Most people who write RCP applications today know about JFace Viewers and in my opinion the Viewer framework is one of the best programming patterns that came out of Eclipse – easy to understand, easy to apply but still powerful.
Still working with viewers in a world of Java8 feels really bad because of 2 things:
- JFace Viewers don’t have generics and useage of
Object[] in the API
- JFace APIs does not use SAM-Types
There’s a google summer of code project that tries to add generics to the JFace Viewer API but this does not change the 2nd IMHO as important part – the API feels alien in a Java8 world of lambda expressions and method references.
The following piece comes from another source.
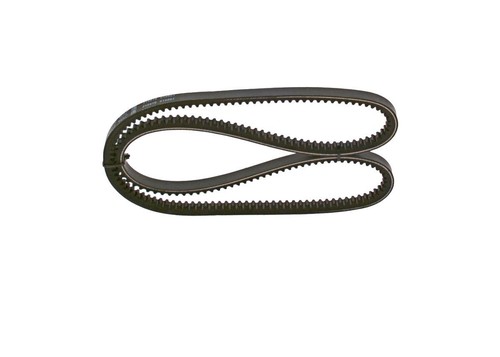 Bosch belt fits daf - ford, man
A few weeks back a discussion came up at the GEF mailing list in conjunction with GEF4 who thought API adopting the JFace API to setup graph viewers but that brought up a 3rd problem – JFace Viewer does not completely hide the SWT API and because GEF4 is designed to be widget toolkit agnostic then JFace Viewer API.
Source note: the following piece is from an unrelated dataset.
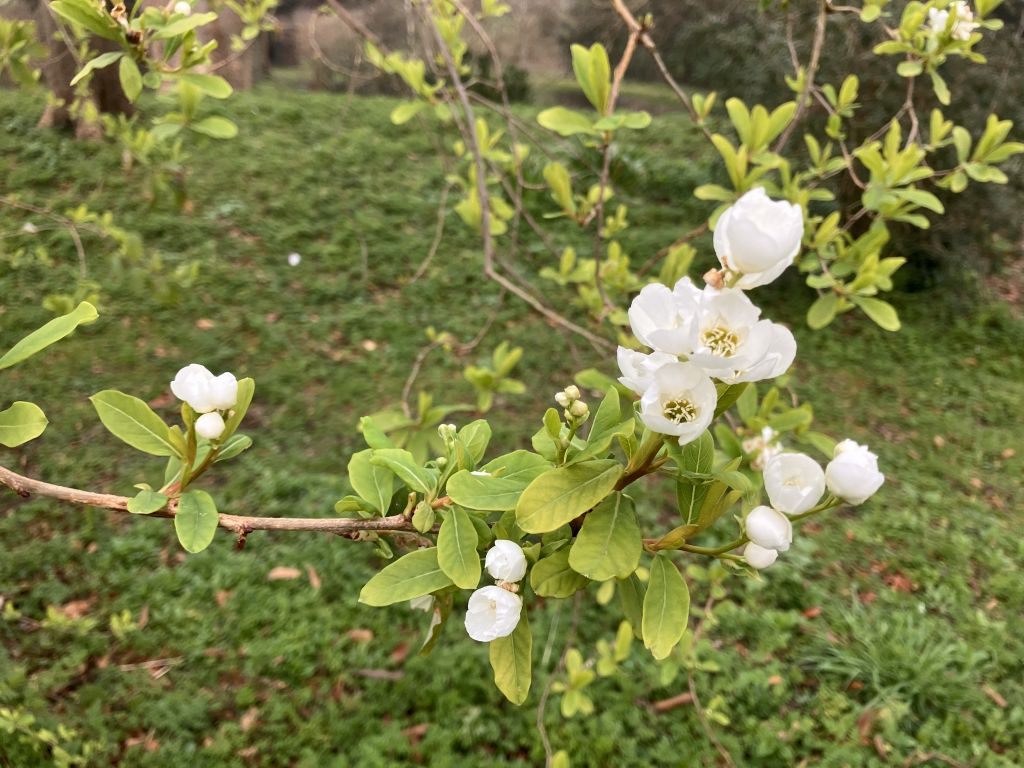 Header image for Exochorda racemosa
So the requirements for a revised JFace API is:
- Use generics to provide type safety
- Make use of SAM types
- Do not depend of any toolkit technology
Today I had to make a break from my day work and thought about how an Viewer 2.0 would look like and this what I came up with:
Viewer.java
/**
* Base interface of all viewers
*
* @param <O>
* the domain object representing a row
* @param <I>
* the input to the viewer
* @param <C>
* the content provider responsible to translate the input into the
* internal structure
*/
public interface Viewer<O, I, C extends ContentProvider<O, I>> {
public void setContentProvider(
@NonNull Supplier<@NonNull C> contentProvider);
public void setInput(@NonNull Supplier<@NonNull I> input);
}
You notice that the content-provider and input are not set directly but through suppliers, the reason for that is the input most of the time is not created next to viewer but through a method call into the business layer and for the content provider one often uses a factory to reuse content provider implementations.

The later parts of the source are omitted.